▶ [Description of the task]: Beginning with the line that contains "Sale photo 1", transcribe the rest of the listing below exactly, including its last line, and exclude any pictures.

==== Recorded data ====

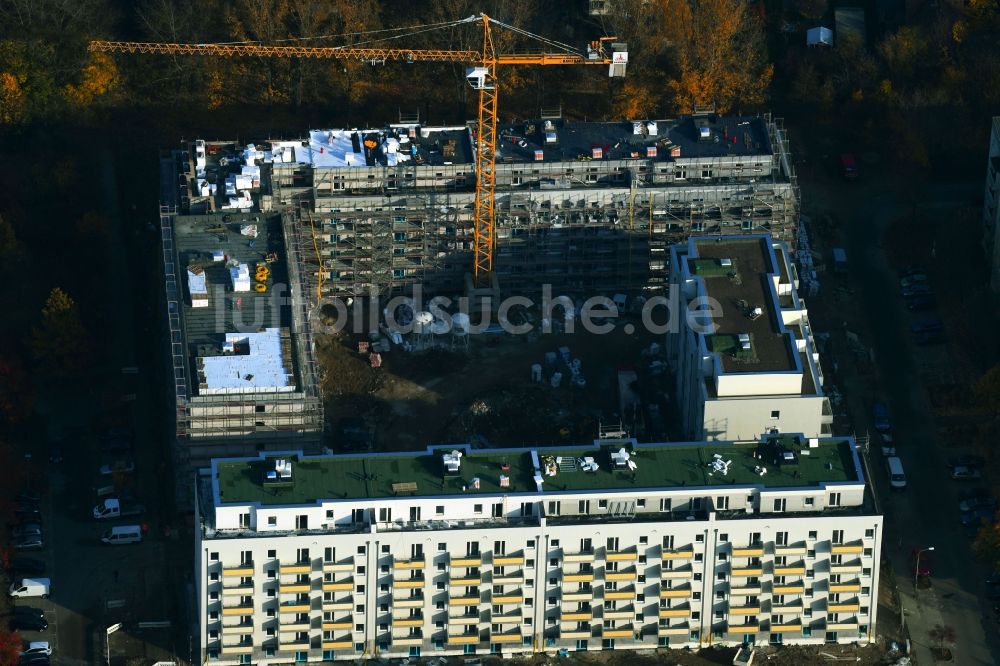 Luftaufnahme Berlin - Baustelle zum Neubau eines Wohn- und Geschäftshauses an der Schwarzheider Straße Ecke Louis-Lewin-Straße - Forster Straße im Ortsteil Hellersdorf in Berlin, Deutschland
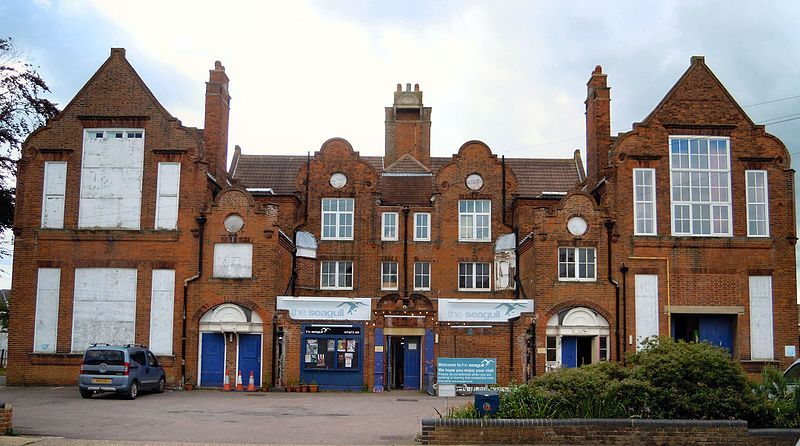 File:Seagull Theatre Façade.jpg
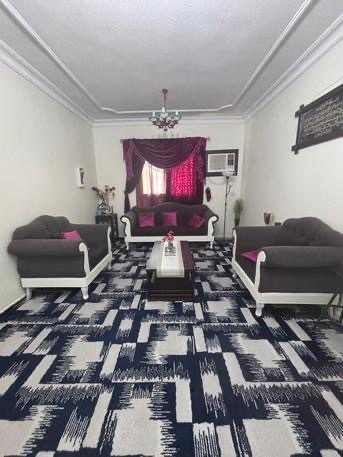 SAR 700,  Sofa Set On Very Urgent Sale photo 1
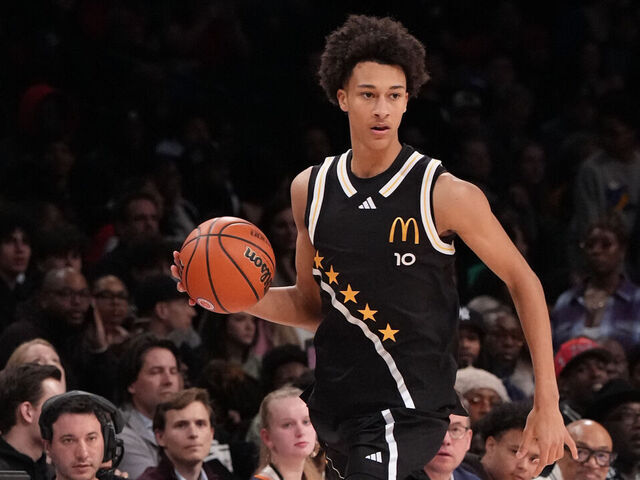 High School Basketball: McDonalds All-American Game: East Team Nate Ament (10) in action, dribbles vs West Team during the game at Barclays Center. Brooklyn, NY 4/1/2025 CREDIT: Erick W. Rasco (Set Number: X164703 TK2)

====

▶ [Task solution]:
 SAR 700,  Sofa Set On Very Urgent Sale photo 1
 High School Basketball: McDonalds All-American Game: East Team Nate Ament (10) in action, dribbles vs West Team during the game at Barclays Center. Brooklyn, NY 4/1/2025 CREDIT: Erick W. Rasco (Set Number: X164703 TK2)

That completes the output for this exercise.